Published:12 January 2022Publication History

ABSTRACT

Climate change has negative effects on life on earth as well as the environment and economy. Harmful greenhouse gases, especially CO2, emitted from industrial processes executed by developed countries were identified as the primary reason behind climate change. The world recognized the risk of excessive CO2 emissions, therefore, the United Nations established the Kyoto protocol which aims at reducing the release of CO2 by monetizing its emissions. To achieve its goal, the Kyoto protocol established a carbon emission trading scheme to distribute and trade CO2 allowances among and between emitting participants.
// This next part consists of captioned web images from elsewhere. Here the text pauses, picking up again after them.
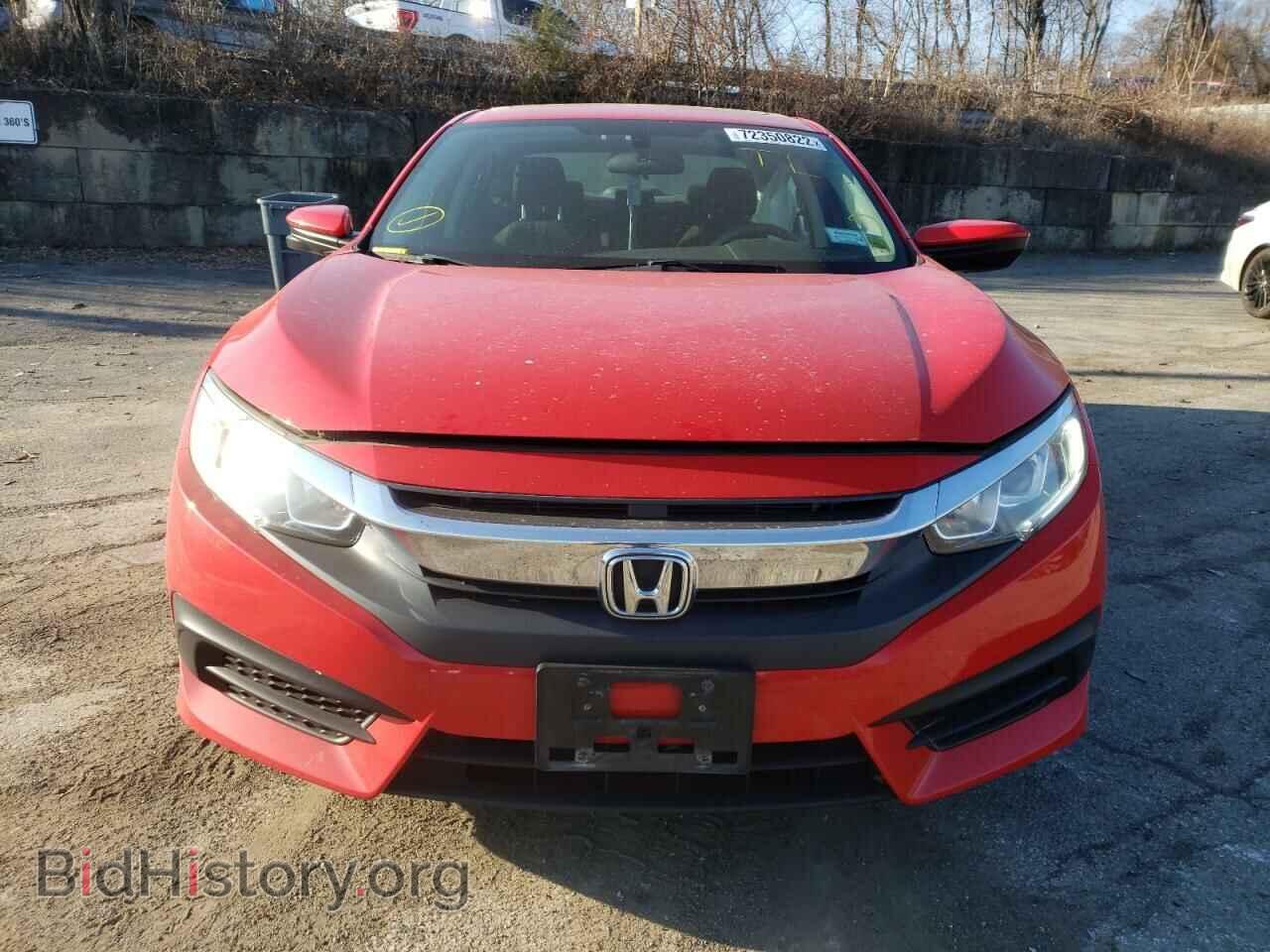 2016 HONDA CIVIC - VIN: 2HGFC2F72GH560613 - Фото 5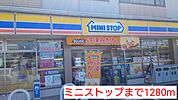 【コンビニエンスストア】ミニストップまで1280ｍ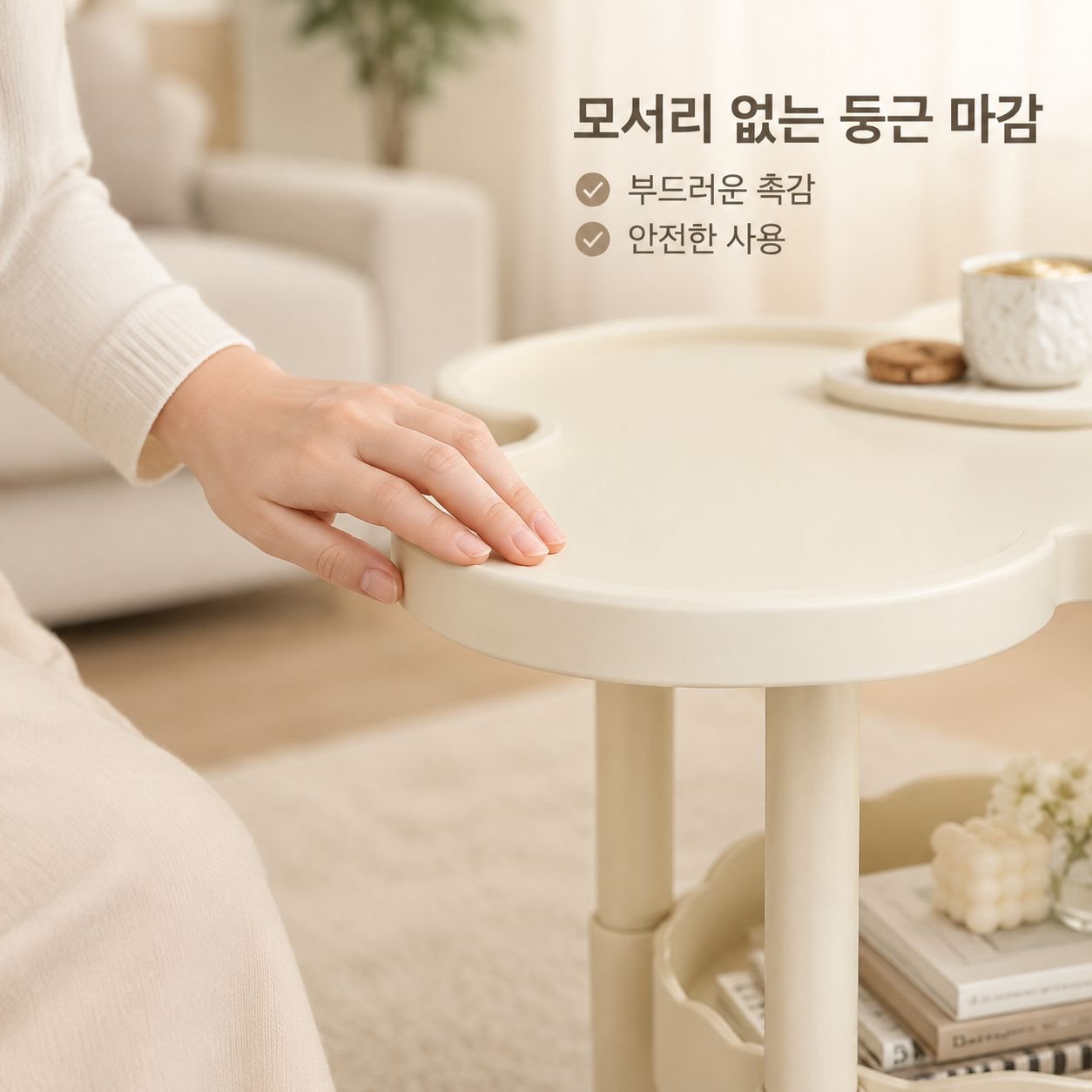 가정용 나비 모양 소형 테이블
However, the carbon emission trading scheme fell short of its goal due to lack of integrity, governance, high intermediary cost and other security and technical issues revealing the need for a solution to elevate the scheme's operations. Meanwhile, blockchian emerged as a revolutionary way to operate business models due to its decentralization, security, traceability, immutability, and privacy. This study proposes an efficient and smart carbon emission trading system utilizing blockchain and smart contract. Our paper proposes a carbon emission trading system using Ethereum blockchain smart contract to automate trading Kyoto units between entities and reduce operations cost. The proposed system performs buyers registration and Kyoto units trading using Ether cryptocurrency for payment without intermediary but rather through smart contract and blockchain. The result is a robust and smart system that inherits blockchain features of trust, immutability, distribution, governance, and transparency.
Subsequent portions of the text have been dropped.